I dug a little deeper. The default entry point of the image is ENTRYPOINT ["/docker-entrypoint.sh"]
. This script sets up a few things and starts the Data Collector.
It is required that the Data Collector is running before the pipeline is imported. So a solution could be to copy the default docker-entrypoint.sh and modify it to start the Data Collector and import the pipeline afterwards. You could to it like this:
Dockerfile:
FROM streamsets/datacollector:3.18.1
COPY myPipeline.json /pipelinejsonlocation/
# Replace docker-entrypoint.sh
COPY docker-entrypoint.sh /docker-entrypoint.sh
EXPOSE 18630
docker-entrypoint.sh (https://github.com/streamsets/datacollector-docker/blob/master/docker-entrypoint.sh):
#!/bin/bash
#
# Copyright 2017 StreamSets Inc.
#
# Licensed under the Apache License, Version 2.0 (the "License");
# you may not use this file except in compliance with the License.
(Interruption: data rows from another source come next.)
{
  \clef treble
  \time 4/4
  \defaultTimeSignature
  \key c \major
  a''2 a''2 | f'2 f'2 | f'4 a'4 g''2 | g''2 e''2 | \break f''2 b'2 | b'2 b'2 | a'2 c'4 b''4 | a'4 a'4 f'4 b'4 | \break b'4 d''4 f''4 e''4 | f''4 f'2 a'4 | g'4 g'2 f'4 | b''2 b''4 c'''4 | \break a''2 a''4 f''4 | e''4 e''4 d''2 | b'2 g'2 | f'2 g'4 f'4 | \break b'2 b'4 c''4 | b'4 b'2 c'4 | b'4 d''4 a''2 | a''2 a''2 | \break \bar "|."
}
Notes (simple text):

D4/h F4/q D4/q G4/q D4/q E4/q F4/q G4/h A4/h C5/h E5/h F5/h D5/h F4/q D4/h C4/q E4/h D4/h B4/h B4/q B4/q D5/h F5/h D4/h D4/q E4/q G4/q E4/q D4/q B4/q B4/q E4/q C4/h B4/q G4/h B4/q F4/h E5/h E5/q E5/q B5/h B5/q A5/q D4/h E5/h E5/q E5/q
# You may obtain a copy of the License at
#
# http://www.apache.org/licenses/LICENSE-2.0
#
# Unless required by applicable law or agreed to in writing, software
# distributed under the License is distributed on an "AS IS" BASIS,
# WITHOUT WARRANTIES OR CONDITIONS OF ANY KIND, either express or implied.
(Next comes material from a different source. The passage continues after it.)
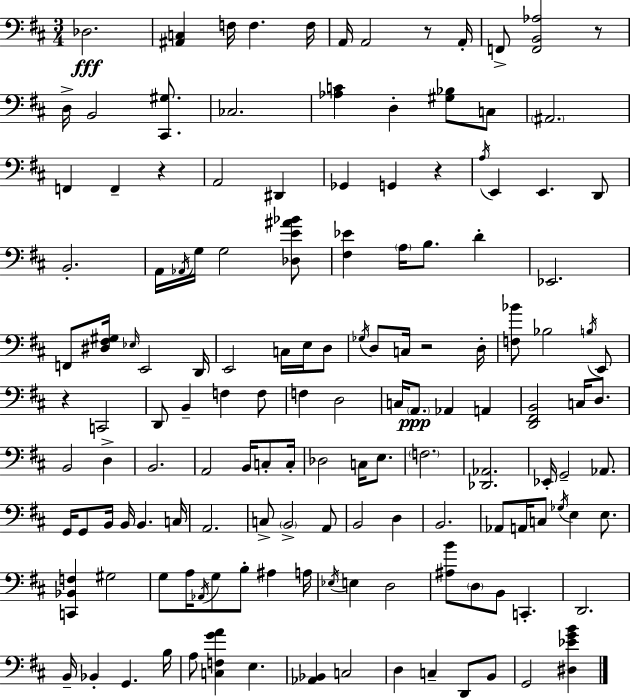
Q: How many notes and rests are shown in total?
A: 143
# See the License for the specific language governing permissions and
# limitations under the License.
#
set -e
# We translate environment variables to sdc.properties and rewrite them.
set_conf() {
if [ $# -ne 2 ]; then
echo "set_conf requires two arguments: <key> <value>"
exit 1
fi
if [ -z "$SDC_CONF" ]; then
echo "SDC_CONF is not set."
exit 1
fi
grep -q "^$1" ${SDC_CONF}/sdc.properties && sed 's|^#\?\('"$1"'=\).*|\1'"$2"'|' -i ${SDC_CONF}/sdc.properties || echo -e "\n$1=$2" >> ${SDC_CONF}/sdc.properties
}
# support arbitrary user IDs
# ref: https://docs.openshift.com/container-platform/3.3/creating_images/guidelines.html#openshift-container-platform-specific-guidelines
if ! whoami &> /dev/null; then
if [ -w /etc/passwd ]; then
echo "${SDC_USER:-sdc}:x:$(id -u):0:${SDC_USER:-sdc} user:${HOME}:/sbin/nologin" >> /etc/passwd
fi
fi
# In some environments such as Marathon $HOST and $PORT0 can be used to
# determine the correct external URL to reach SDC.
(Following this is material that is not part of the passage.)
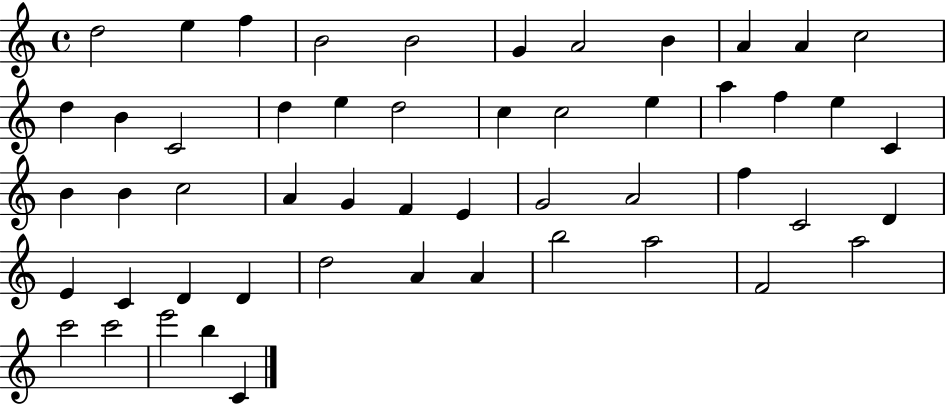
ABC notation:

if [ ! -z "$HOST" ] && [ ! -z "$PORT0" ] && [ -z "$SDC_CONF_SDC_BASE_HTTP_URL" ]; then
export SDC_CONF_SDC_BASE_HTTP_URL="http://${HOST}:${PORT0}"
fi
for e in $(env); do
key=${e%=*}
value=${e#*=}
if [[ $key == SDC_CONF_* ]]; then
lowercase=$(echo $key | tr '[:upper:]' '[:lower:]')
key=$(echo ${lowercase#*sdc_conf_} | sed 's|_|.|g')
set_conf $key $value
fi
done
# MODIFICATIONS:
#exec "${SDC_DIST}/bin/streamsets" "$@"
check_data_collector_status () {
watch -n 1 ${SDC_DIST}/bin/streamsets cli -U http://localhost:18630 ping | grep -q 'version' && echo "Data Collector has started!" && import_pipeline
}
function import_pipeline () {
sleep 1
echo "Start to import pipeline"
${SDC_DIST}/bin/streamsets cli -U http://localhost:18630 -u admin -p admin store import -n myPipeline --stack -f /pipelinejsonlocation/myPipeline.json
echo "Finished importing pipeline"
}
# Start checking if Data Collector is up (in background) and start Data Collector
check_data_collector_status & ${SDC_DIST}/bin/streamsets $@
I commented out the last line exec "${SDC_DIST}/bin/streamsets" "$@"
of the default docker-entrypoint.sh and added two functions. check_data_collector_status ()
pings the Data Collector service until it is available. import_pipeline ()
imports your pipeline.
check_data_collector_status ()
runs in background and ${SDC_DIST}/bin/streamsets $@
is started in foreground as before. So the pipeline is imported after the Data Collector service is started.